Gendry, who doesn't know that he's Robert's bastard, says, "That old drunk? ... He's dead, some boar killed him, everyone knows that." Arya doesn't believe that they're any king's men. "They looked like outlaws, all tattered and ragged," and they have no horses. Hot Pie, to Arya's fury, blurts out, "We're looking for Riverrun." She tells him to shut up, but the damage is done. Tom says it's a long way, but "There's an inn not far ahead kept by some friends of ours. We could share some ale and a bite of bread, instead of fighting one another."

Arya doesn't trust him, but the thought of food is irresistible. Gendry wants to know what sort of friends these are. Tom tells him the innkeep is named Sharna, and she has a husband "and an orphan boy they took in." We have been there before. He tells them to bring along the vegetables they "stole from Old Pate's garden." He buried Old Pate himself, he says, and they have "no wish to bury you, I swear it on my harp. Archer, show her." And before Arya knows it, Anguy has sent an arrow whizzing past her and into the tree she had been hiding behind and has notched and drawn a second one. "She'd thought she understood what Syrio meant by quick as a snake and smooth as summer silk, but now she knew she hadn't." She realizes now that they have no choice but to trust the three of them.

Arya gets on her horse and tells Hot Pie to bring the carrots and cabbages, and they ride along behind the three on foot. Along the way, Anguy kills a duck, which they take with them, and Hot Pie joins in with Tom in singing. When they reach the inn, Arya notices the skiff docked in front and suggests to Gendry that they could take it and sail up the river to Riverrun. Gendry is skeptical about the idea. When they stable the horses, Gendry volunteers to stay and watch them, even though Tom says they'll be safe.
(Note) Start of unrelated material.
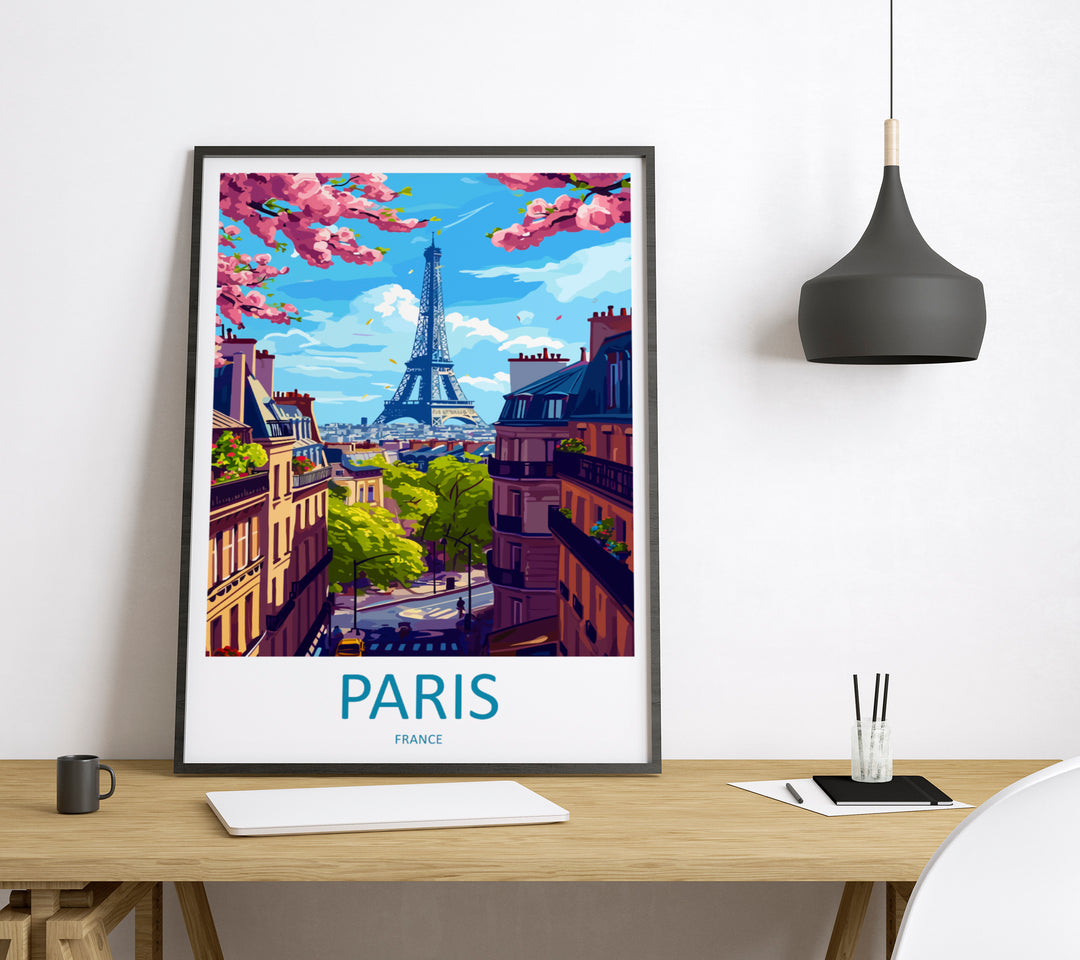 Paris France Travel Poster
Sharna greets them crossly, and calls her husband up from the cellar to give him the duck to hang for a few days. They'll eat rabbit, she says, and Arya offers the carrots and cabbages. She has the boy bring them ale while she goes off to cook. The husband comes in to say that there are horses in the stable, and Tom says they're "better horses than the three you gave away." He replies that he sold them and got a skiff in the bargain. "Anyways, you lot were supposed to get them back."

Arya thinks, "I knew they were outlaws." Lem says, "They never came our way," but the husband insists that he sent them in their direction. (Jaime and Brienne had been right in not taking his advice.) They argue among themselves for a while, and then Tom offers to buy their horses. Arya realizes that they can take the horses if they want, so she offers to trade them for the "boat outside. But only if you can show us how to work it." The offer provokes general laughter until Gendry bursts in to say there are soldiers coming down the river road. Hot Pie jumps up in alarm and spills his ale.

But Sharna tells them not to worry. "Whatever harm's been done you, it's over and it's done and you're with king's men now. We'll keep you safe as best we can." Arya reaches for her sword, but Lem grabs her wrist. She grabs the tankard and swings it at his face, breaking his nose and blinding him with the ale, but not so much that he can't grab her when she starts to run. Tom pulls a dagger and stops Gendry from coming to her aid.

The door opens and a huge, bearded Tyrioshi enters, followed by two crossbowmen helping a wounded man, then others, including "a spearman in a lion-crested helm, an older man with a limp, a Braavosi sellsword...." And then Arya recognizes Harwin, "Hullen's son, who used to lead her pony around the yard, ride at quintain with Jon and Robb, and drink too much at feast days." She weeps at seeing him, and says, "Harwin, it's me!" He doesn't recognize her at first, and is confused by the sigil on her doublet: "who are you, some serving boy to Lord Leech?" She insists, "You have to know me! You used to lead my pony when I was little."
His eyes went wide, "Gods be good," he said in a choked voice. "Arya Underfoot? Lem, let go of her." 


"She broke my nose." Lem dumped her unceremoniously to the floor. "Who in seven hells is she supposed to be?" 


"The Hand's daughter." Harwin went to one knee before her. "Arya Stark, of Winterfell."